Note for this dataset, all of the column names have `.` in them, so we can't use the shortcut notation with just periods. We need the full `wapoAll['Column.Name']` notation all the time. `:-(`

In [None]:
# Just for illustration, grab a slice DataFrame for just 2016 incidents
wapo = wapoALL[ wapoALL['Incident.Date.Year']==2016 ]
wapo

Before trying this graph out, what do you expect it will look like?

In [None]:
sns.catplot(data=wapo, x='Factors.Armed', y='Person.Age',
            kind='swarm', s=3)

What went wrong up there?

In [None]:
# How are all the ways the victims were armed?
wapo['Factors.Armed'].value_counts()

In [None]:
# Let's grab just the most common

# note the common pattern of 
# wapo4 = wapo[            ...stuff-that-makes-a-list-of-T/F-to-select-rows...          ]
# but the stuff, instead of being like
#                        df['column'] <= value
# this time uses the "isin" function

wapo4 = wapo[  wapo['Factors.Armed'].isin( ['gun', 'knife', 'toy weapon', 'unarmed'] )  ]
wapo4['Factors.Armed'].value_counts()

In [None]:
sns.catplot(data=wapo4, x='Factors.Armed', y='Person.Age',
            kind='swarm', s=3)

In [None]:
wapo4['Person.Race'].value_counts()

## Police Shootings Exercises
Start over from the full DataFrame `wapoALL`.

Using the example above of four weapon types, slice `wapoALL` (repeatedly) to get a smaller DataFrame with just years 2019-2022, just those four weapon types from above, and just the three common Person.Race categories.

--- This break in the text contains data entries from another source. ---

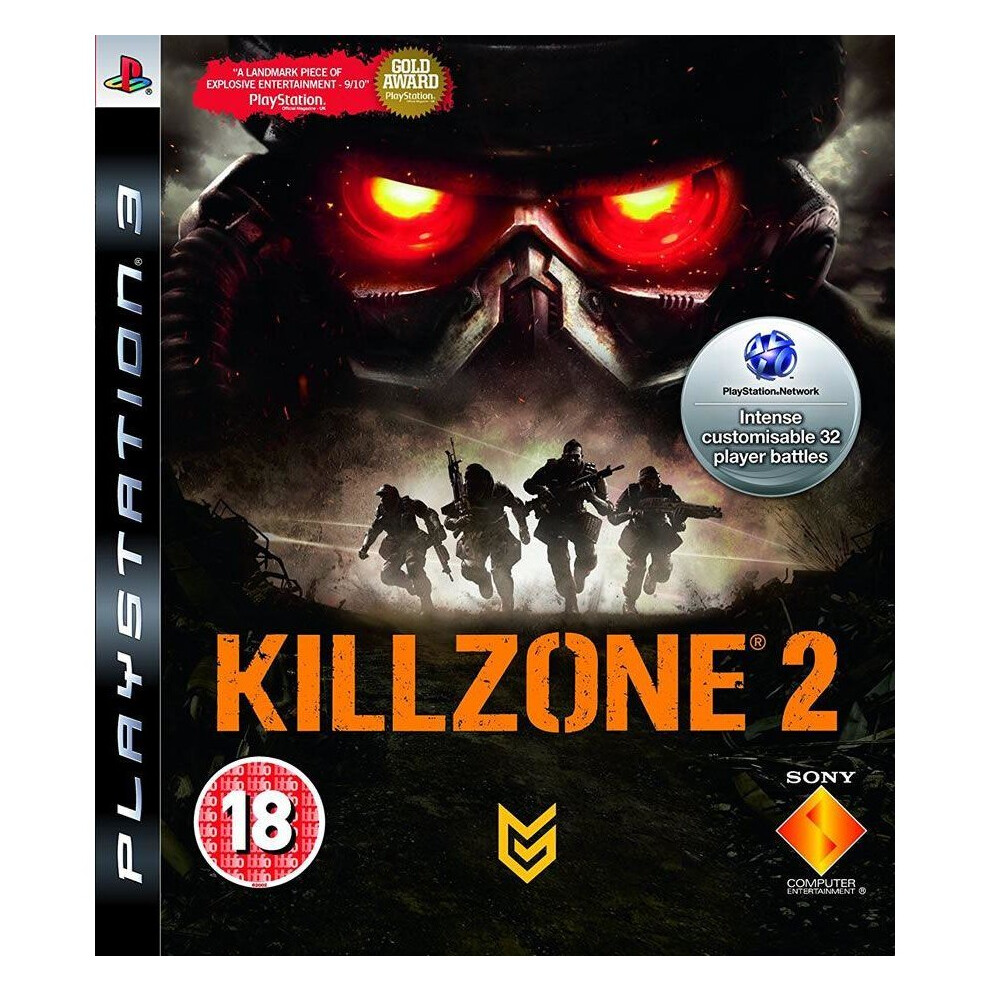 Killzone 2 PS3 Game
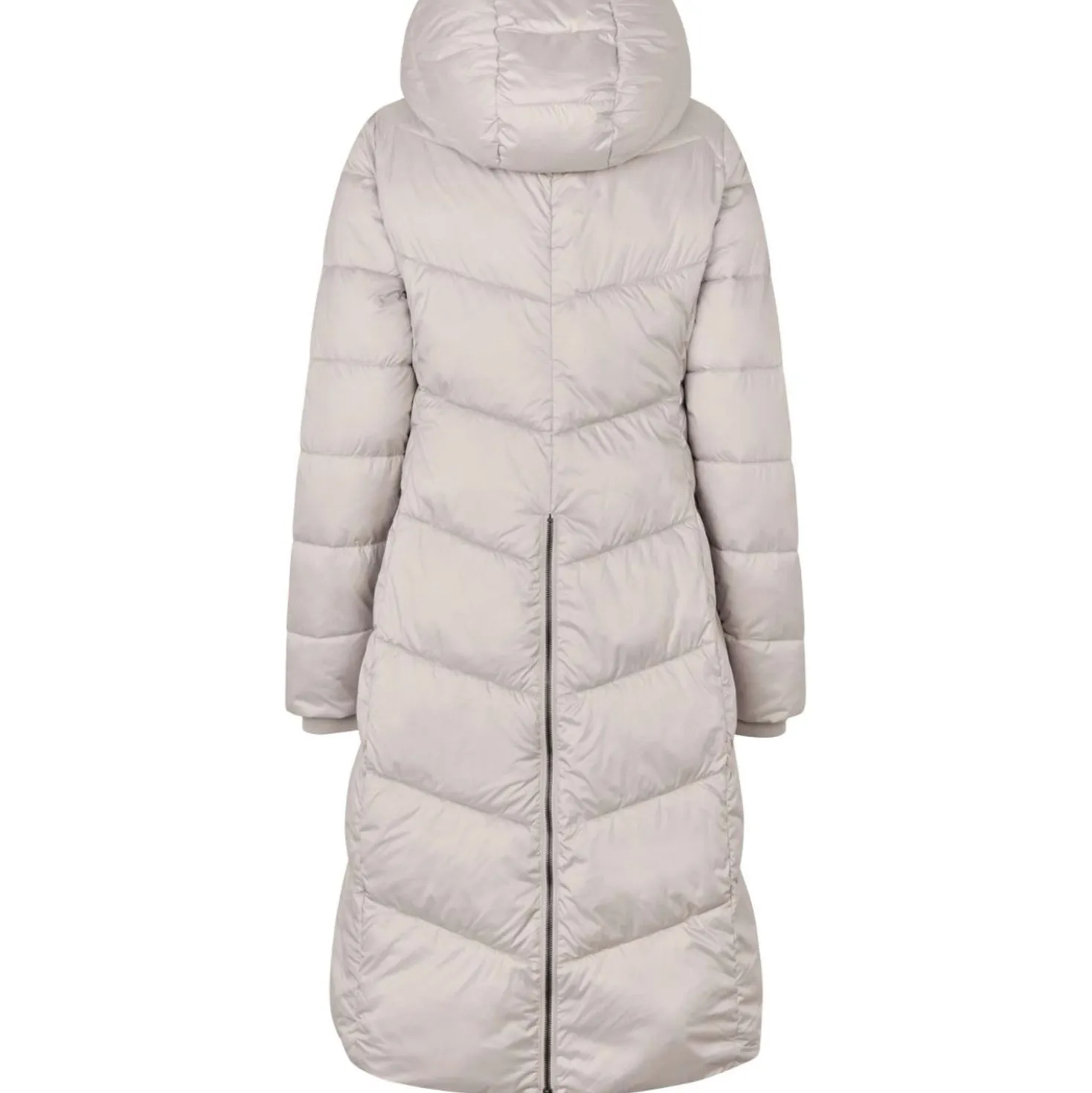 Kingsland Lange Jas KLAdelaide Dames Beige Dove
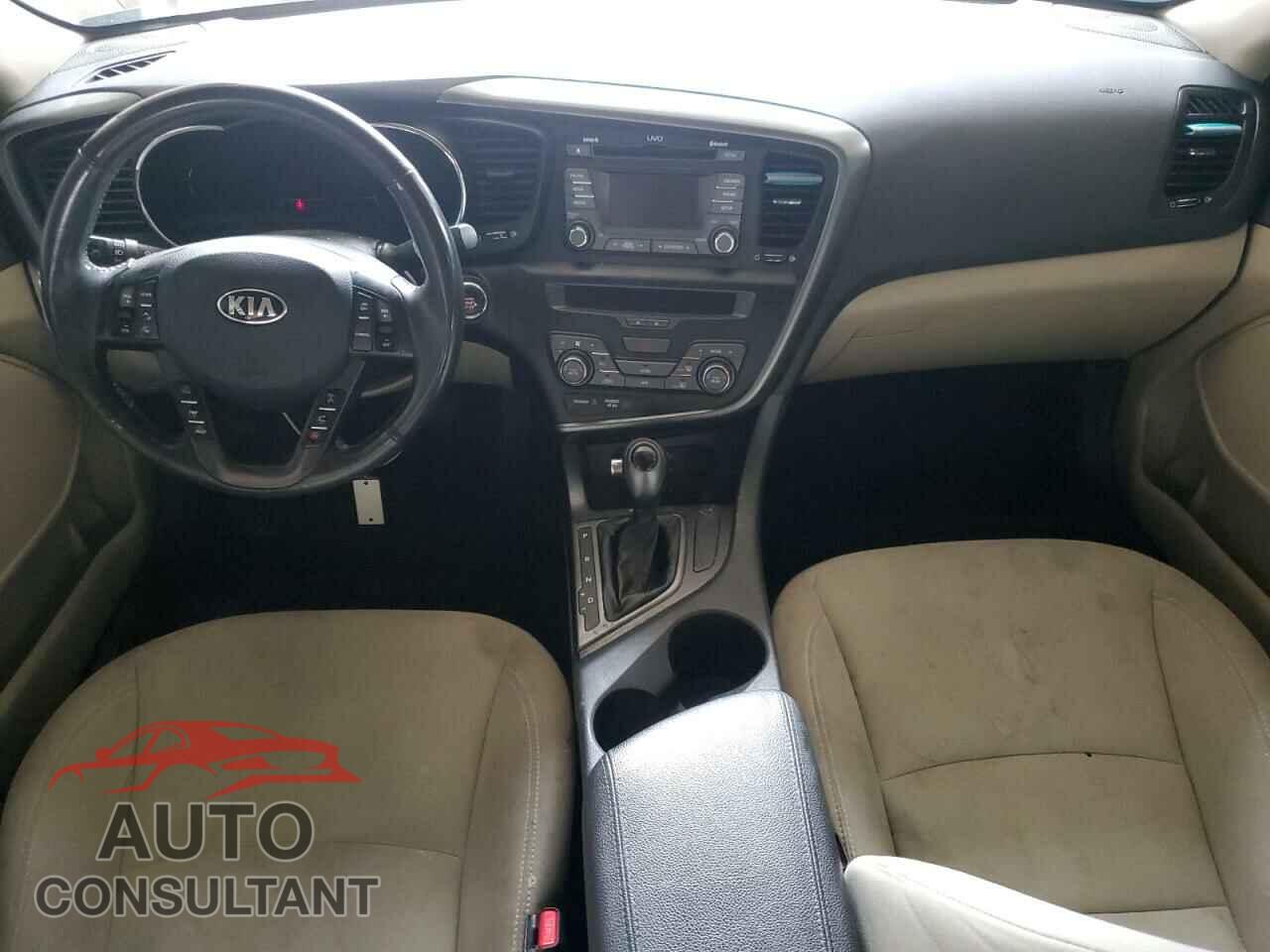 KIA OPTIMA 2013 - KNAGM4AD4D5045301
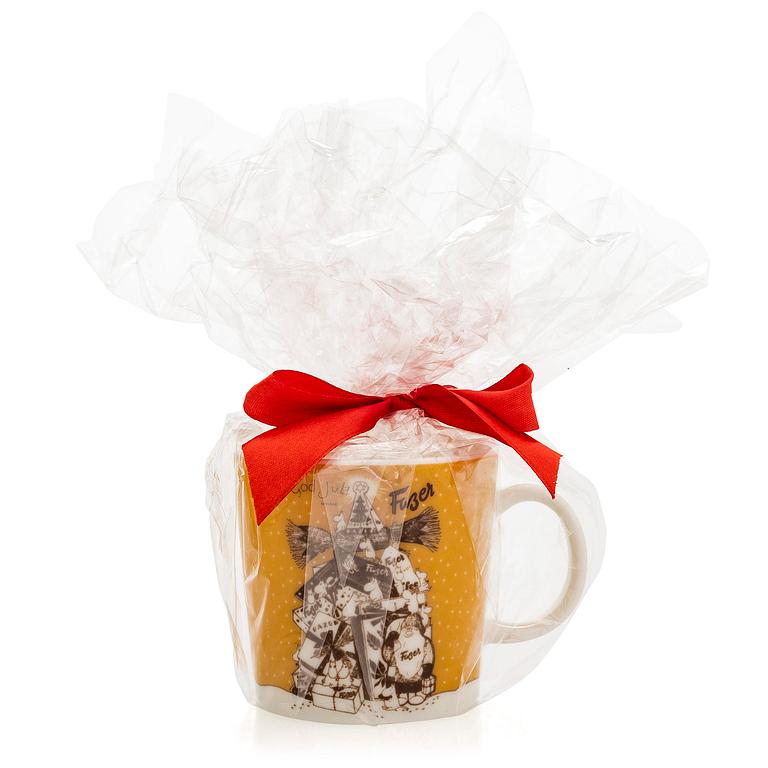 Moomin-mug, porcelain, 'Fazer Café', Moomin Characters, Arabia 2004, numbered 235/400.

Then use `sns.catplot()` to make a graph that displays all those dimensions of data.

In [None]:
# what condition goes in ... to select rows with Incident.Date.Year from 2019-2022?
wapoY = wapoALL[   ...   ]

In [None]:
# see the example above to slice out the rows with the same four weapon types
wapoYW = wapoY[   ...   ]

In [None]:
# slice similarly to select only rows where Person.Race is 'White', 'African American', or 'Hispanic'
wapoYWR = wapoYW[   ...   ]

In [None]:
# Use sns.catplot() to graph the data in wapoYWR, 
# displaying all of those dimensions of the data